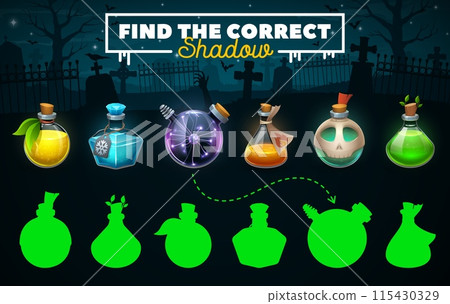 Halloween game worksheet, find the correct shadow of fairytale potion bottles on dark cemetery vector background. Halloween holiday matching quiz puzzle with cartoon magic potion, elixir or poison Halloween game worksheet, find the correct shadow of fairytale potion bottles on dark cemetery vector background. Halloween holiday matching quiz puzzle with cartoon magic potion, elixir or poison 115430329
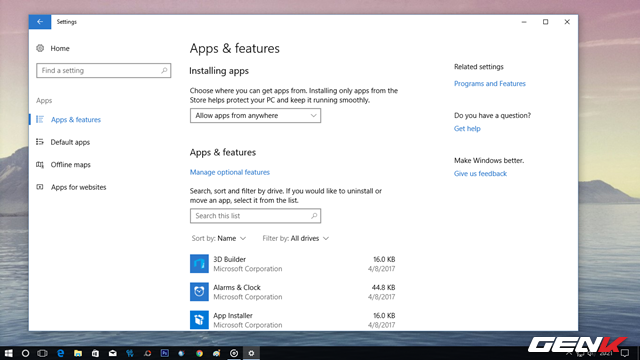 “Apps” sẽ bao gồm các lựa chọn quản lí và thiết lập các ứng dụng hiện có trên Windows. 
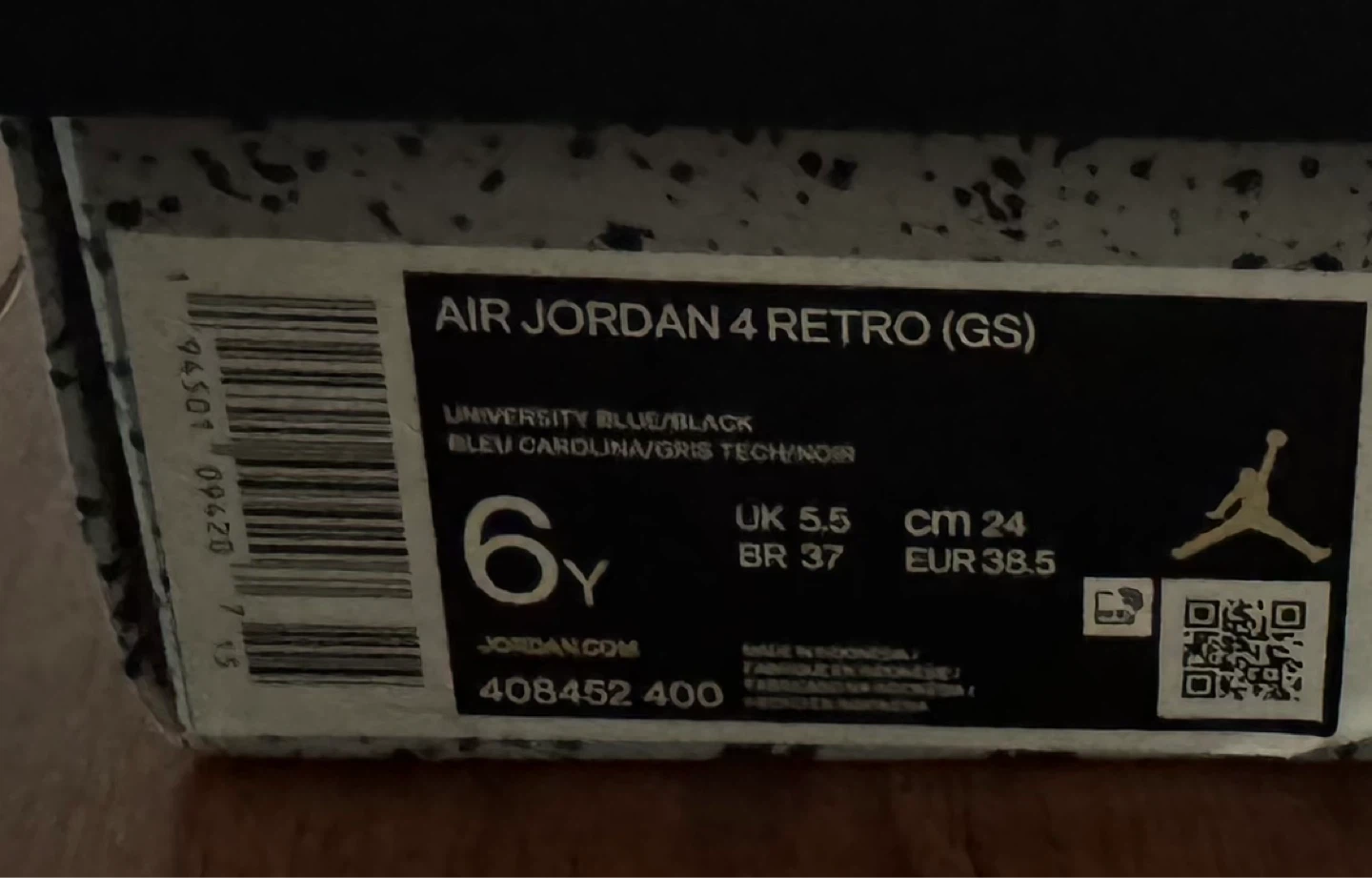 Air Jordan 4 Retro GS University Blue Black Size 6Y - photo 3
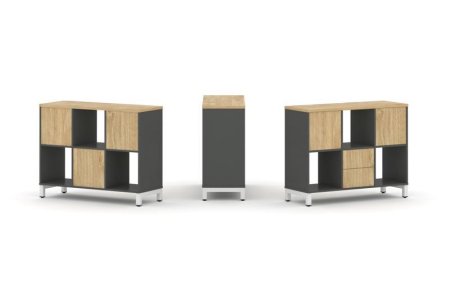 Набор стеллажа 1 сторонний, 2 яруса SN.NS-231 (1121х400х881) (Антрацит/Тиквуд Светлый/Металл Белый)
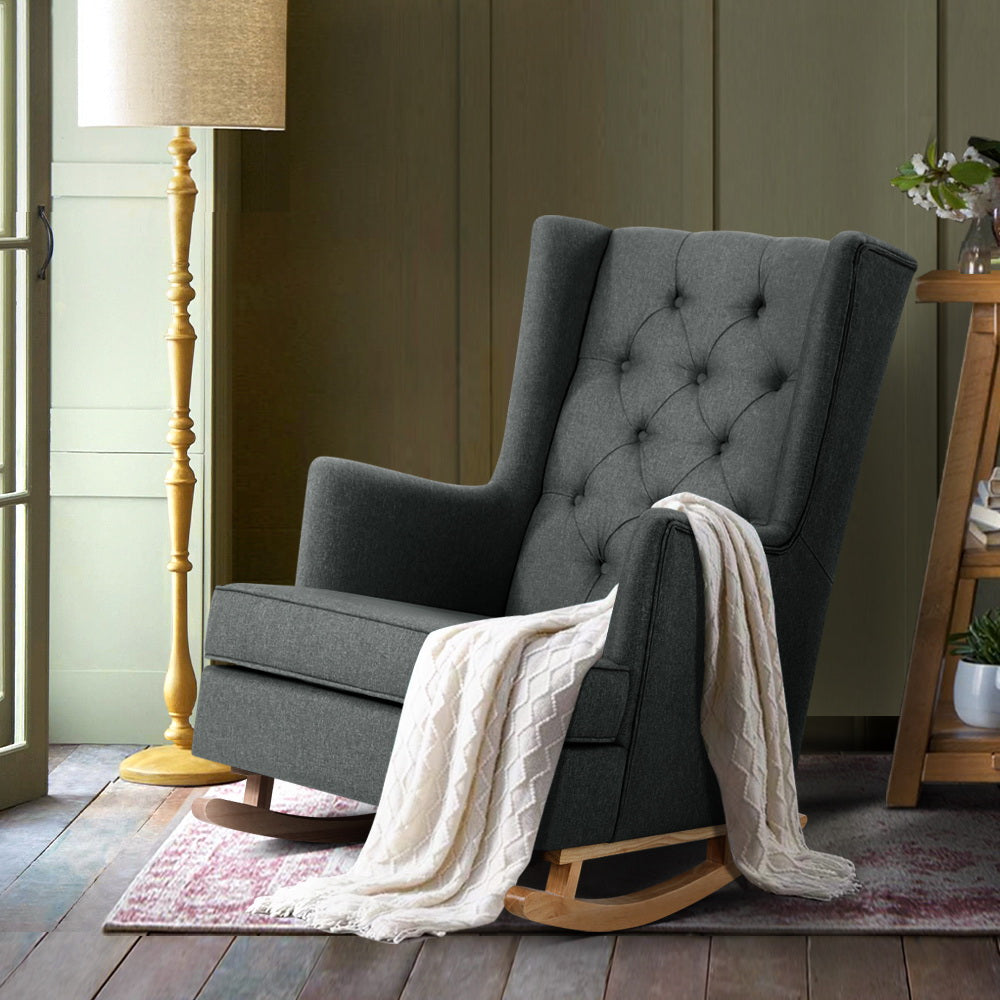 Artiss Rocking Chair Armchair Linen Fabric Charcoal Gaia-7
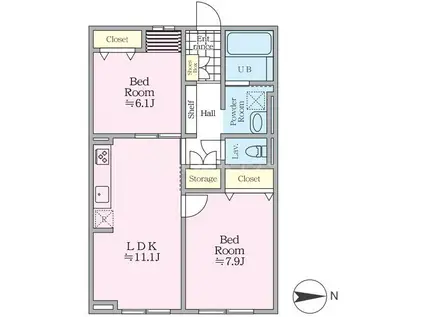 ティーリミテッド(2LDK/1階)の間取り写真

──────────────────────────────

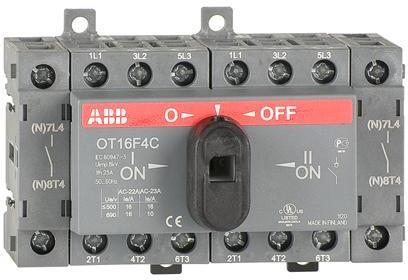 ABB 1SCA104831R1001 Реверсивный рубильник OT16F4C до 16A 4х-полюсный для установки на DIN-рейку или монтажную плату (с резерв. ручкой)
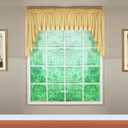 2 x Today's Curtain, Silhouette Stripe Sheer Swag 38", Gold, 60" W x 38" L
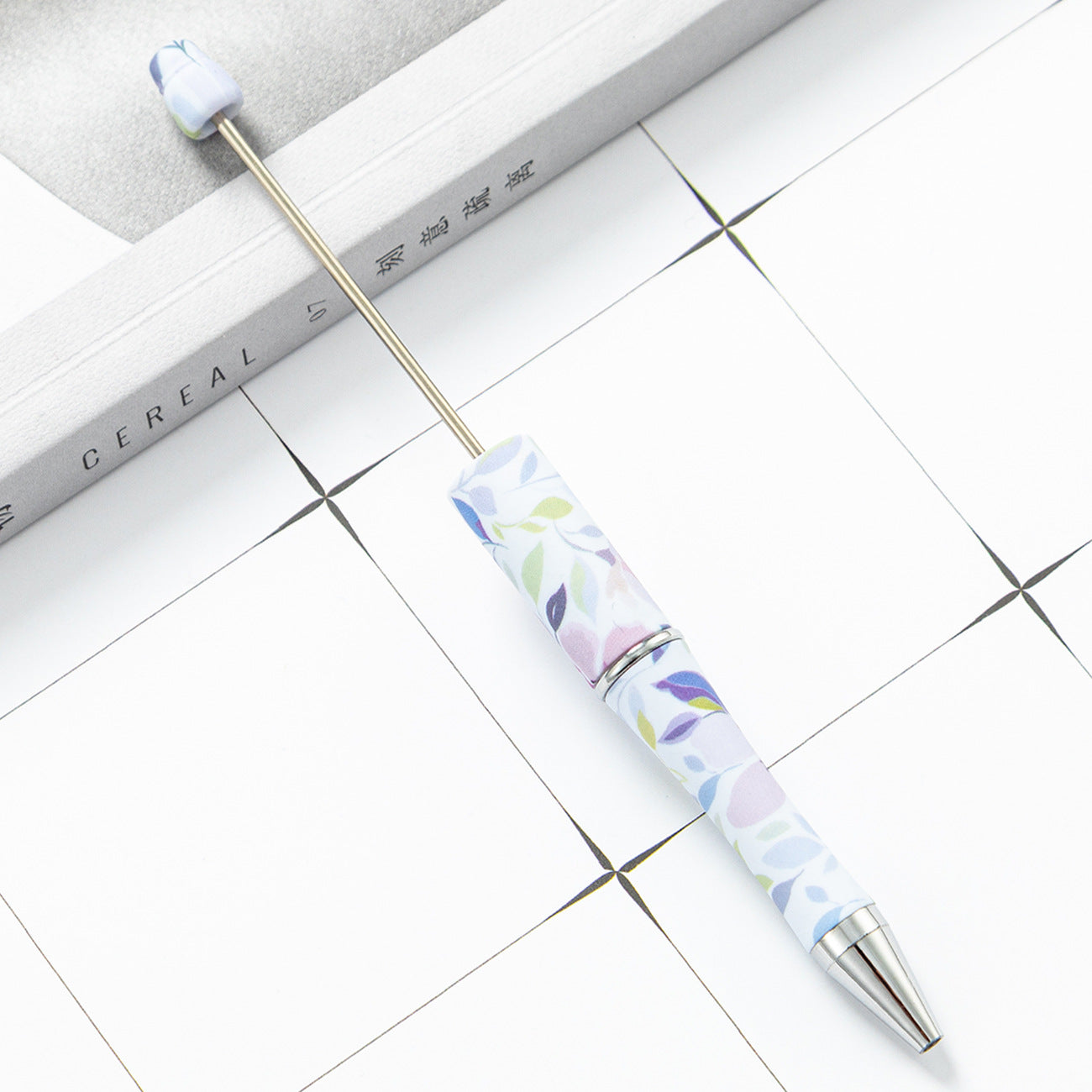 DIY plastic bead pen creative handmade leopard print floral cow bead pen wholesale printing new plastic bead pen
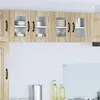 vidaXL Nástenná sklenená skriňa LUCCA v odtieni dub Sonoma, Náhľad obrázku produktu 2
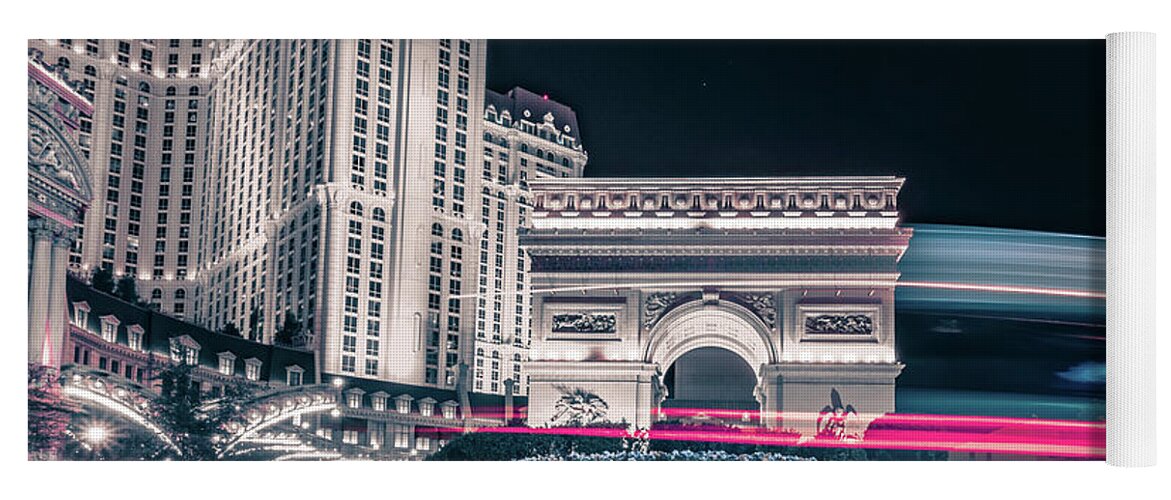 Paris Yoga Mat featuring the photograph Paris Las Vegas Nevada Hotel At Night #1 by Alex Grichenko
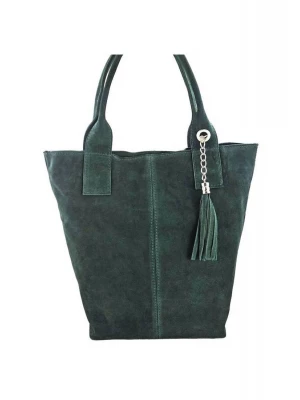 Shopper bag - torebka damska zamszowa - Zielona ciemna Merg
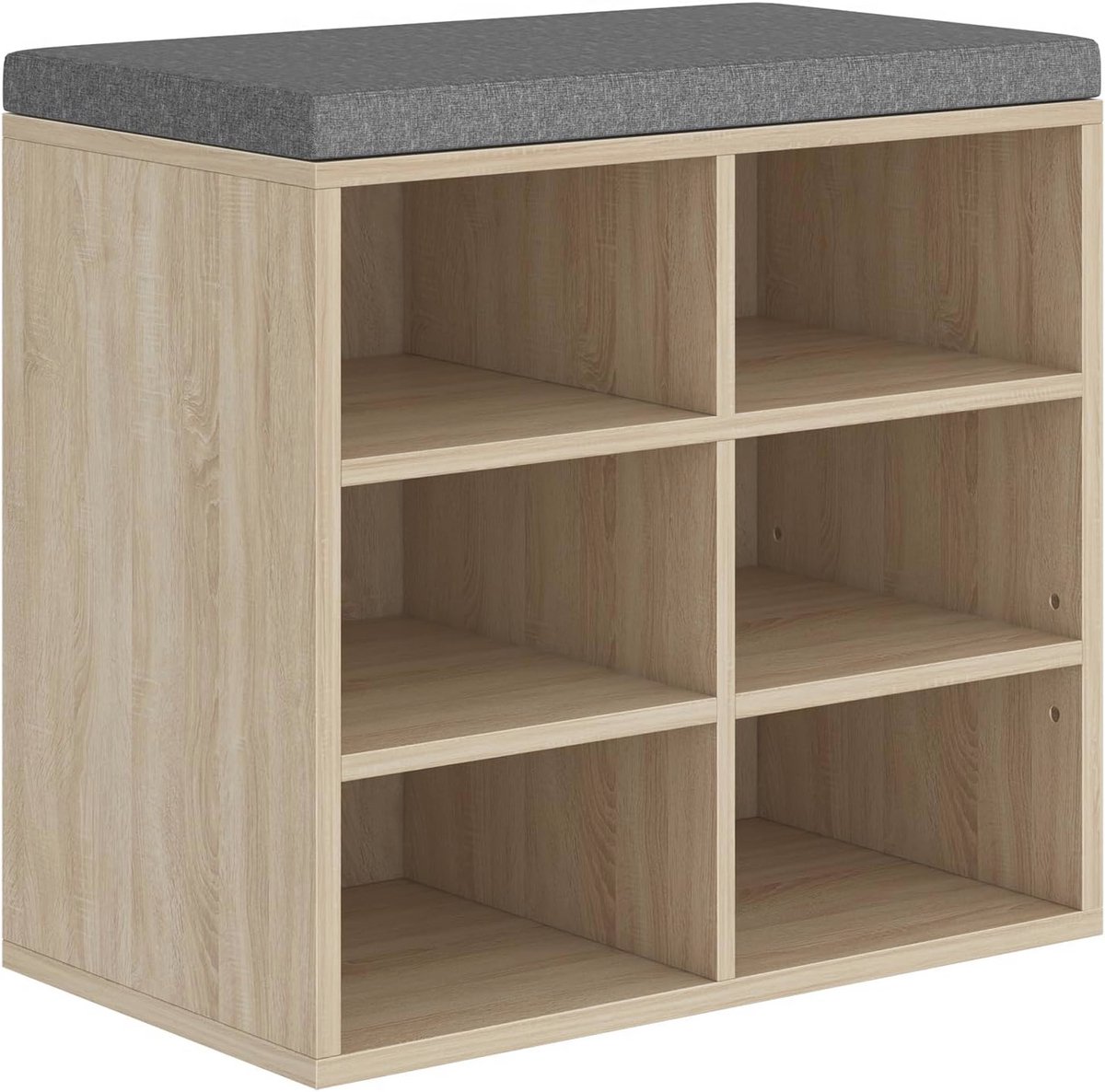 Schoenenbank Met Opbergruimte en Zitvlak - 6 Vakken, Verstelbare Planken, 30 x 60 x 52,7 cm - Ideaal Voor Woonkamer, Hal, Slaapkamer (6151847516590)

──────────────────────────────

Your assignment: Exercise for the records above: copy only the lines from the one with "có trên Windows." to the one with "ティーリミテッド(2LDK/1階)の間取り写真", both ends kept, and drop the pictures.

Response to this exercise:
 “Apps” sẽ bao gồm các lựa chọn quản lí và thiết lập các ứng dụng hiện có trên Windows. 
 Air Jordan 4 Retro GS University Blue Black Size 6Y - photo 3
 Набор стеллажа 1 сторонний, 2 яруса SN.NS-231 (1121х400х881) (Антрацит/Тиквуд Светлый/Металл Белый)
 Artiss Rocking Chair Armchair Linen Fabric Charcoal Gaia-7
 ティーリミテッド(2LDK/1階)の間取り写真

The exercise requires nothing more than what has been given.